**Task inputs**
▽
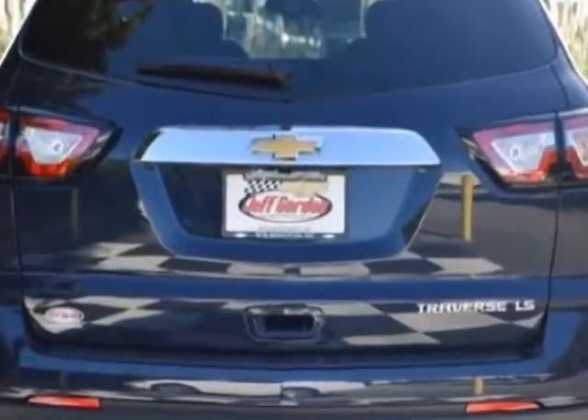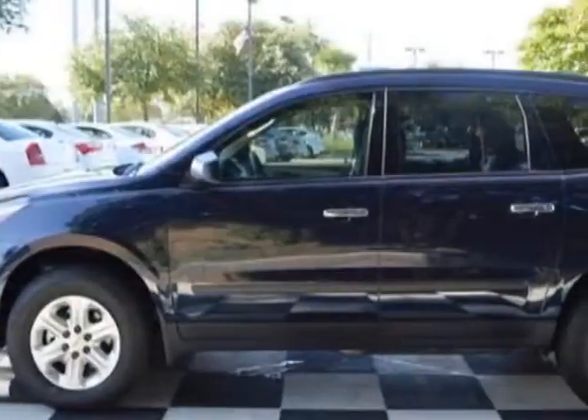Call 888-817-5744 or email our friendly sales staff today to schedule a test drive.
△
▽
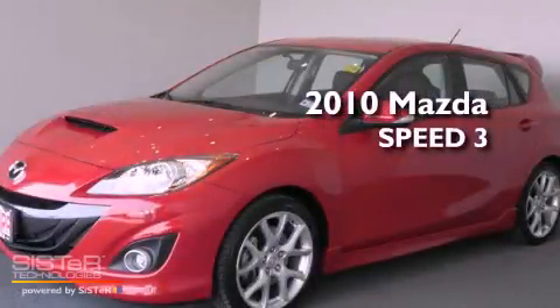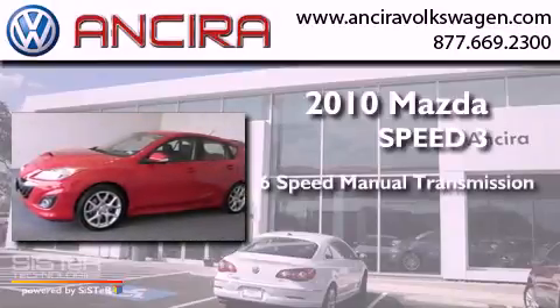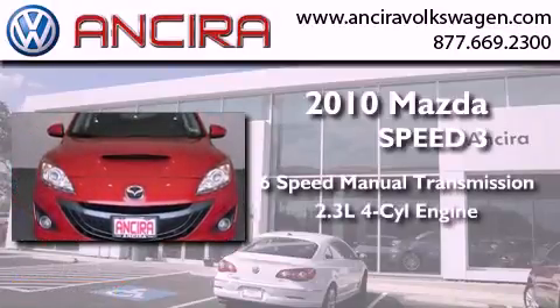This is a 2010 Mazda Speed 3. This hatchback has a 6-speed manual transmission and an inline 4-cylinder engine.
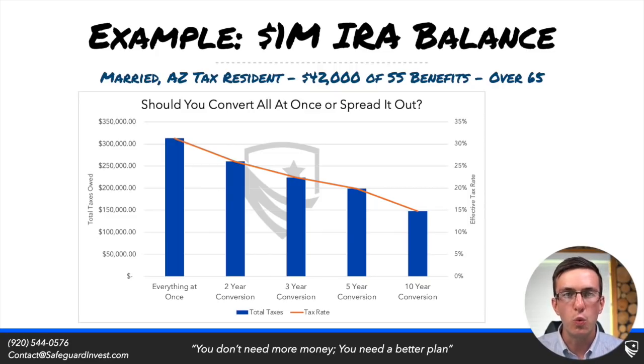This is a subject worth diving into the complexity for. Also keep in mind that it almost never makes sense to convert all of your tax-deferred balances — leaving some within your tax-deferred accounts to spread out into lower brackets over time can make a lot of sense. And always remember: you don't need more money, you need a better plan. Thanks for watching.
△
**Exercise aim**
Please repeat the lines of the material above exactly, starting with the line that contains "This is a 2010" and ending with the line that contains "This is a subject". Leave the pictures out.

**Reply to the exercise**
This is a 2010 Mazda Speed 3. This hatchback has a 6-speed manual transmission and an inline 4-cylinder engine.
This is a subject worth diving into the complexity for. Also keep in mind that it almost never makes sense to convert all of your tax-deferred balances — leaving some within your tax-deferred accounts to spread out into lower brackets over time can make a lot of sense. And always remember: you don't need more money, you need a better plan. Thanks for watching.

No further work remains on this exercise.